» **EXERCISE REQUIREMENTS**: Take the listing below and print exactly the lines starting at the line containing "[党参批发]鸡筋参(黄鸡胖)价格20.00元/斤 - 一亩田" and ending at the line containing "Vintage Goose Illustration", both ends included, and no others.

» **SOURCE INFORMATION**:
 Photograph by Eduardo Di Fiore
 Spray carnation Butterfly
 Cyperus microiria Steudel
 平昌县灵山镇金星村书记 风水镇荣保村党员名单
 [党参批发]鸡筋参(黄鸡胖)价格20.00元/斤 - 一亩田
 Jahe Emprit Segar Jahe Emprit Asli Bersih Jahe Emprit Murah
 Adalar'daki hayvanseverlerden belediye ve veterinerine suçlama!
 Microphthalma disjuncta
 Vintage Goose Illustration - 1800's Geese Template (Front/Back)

--

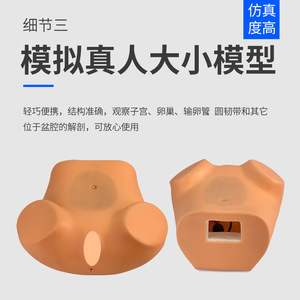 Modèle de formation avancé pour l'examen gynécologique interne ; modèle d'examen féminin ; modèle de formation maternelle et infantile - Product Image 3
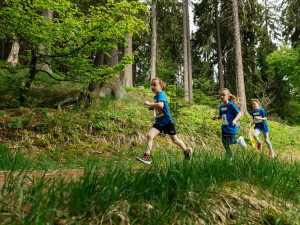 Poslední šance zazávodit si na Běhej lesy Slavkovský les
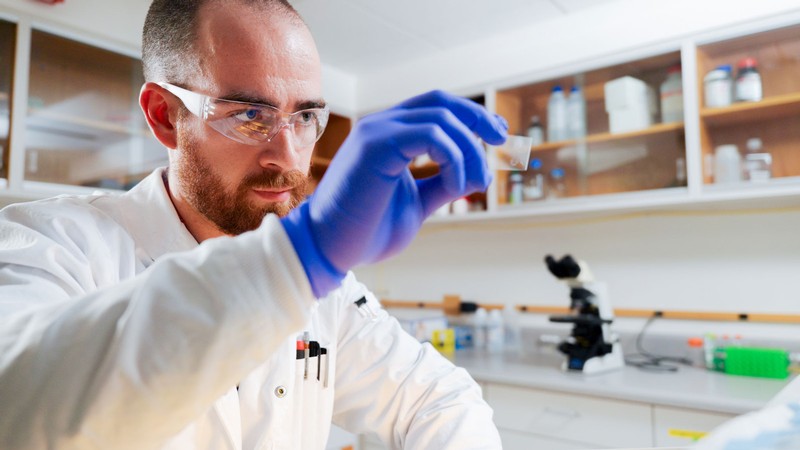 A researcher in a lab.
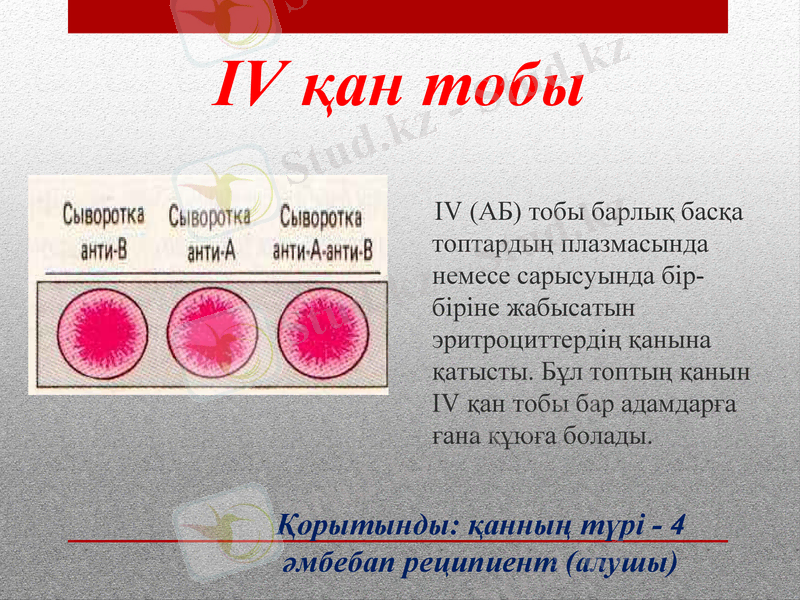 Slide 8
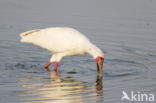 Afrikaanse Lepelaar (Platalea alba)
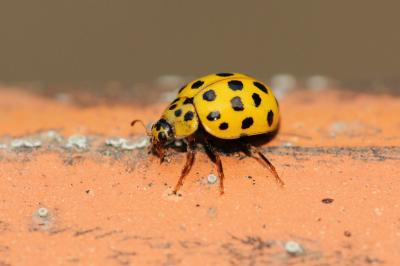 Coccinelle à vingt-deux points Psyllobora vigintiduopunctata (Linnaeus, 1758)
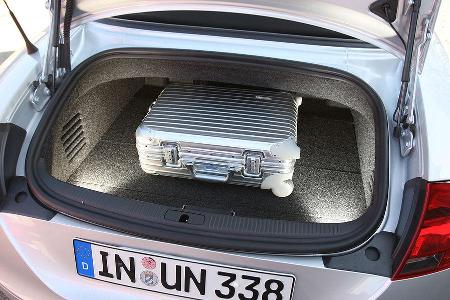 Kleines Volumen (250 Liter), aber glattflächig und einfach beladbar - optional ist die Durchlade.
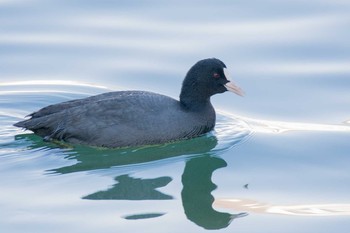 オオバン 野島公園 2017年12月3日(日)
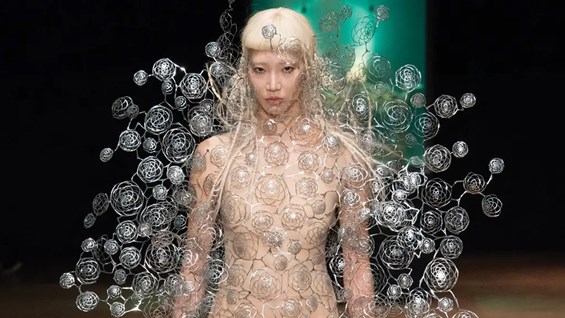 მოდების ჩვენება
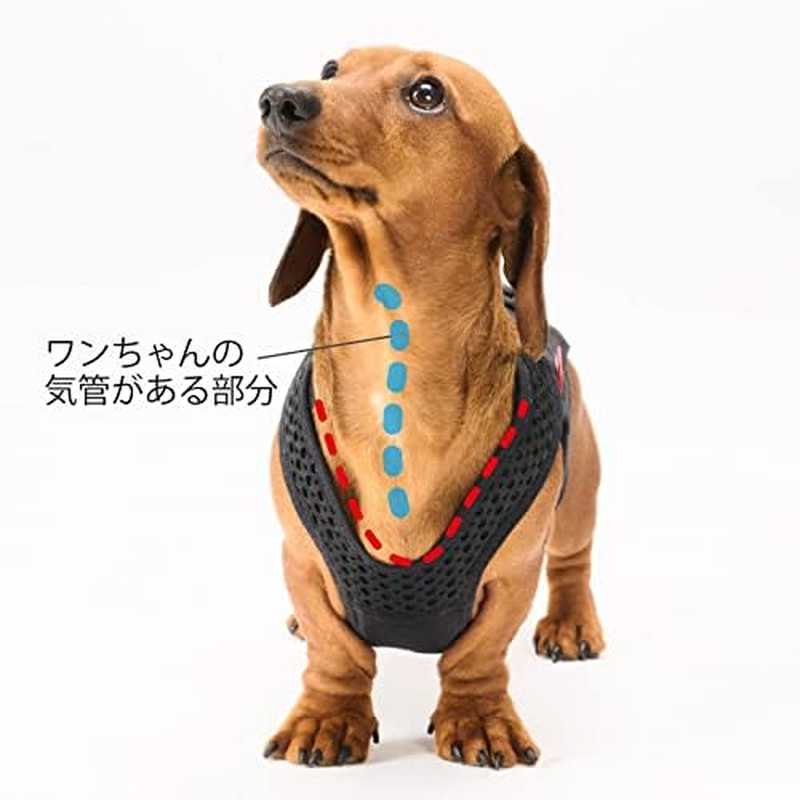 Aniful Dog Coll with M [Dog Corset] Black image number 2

» **RESPONSE FOR THIS EXERCISE**:
 [党参批发]鸡筋参(黄鸡胖)价格20.00元/斤 - 一亩田
 Jahe Emprit Segar Jahe Emprit Asli Bersih Jahe Emprit Murah
 Adalar'daki hayvanseverlerden belediye ve veterinerine suçlama!
 Microphthalma disjuncta
 Vintage Goose Illustration - 1800's Geese Template (Front/Back)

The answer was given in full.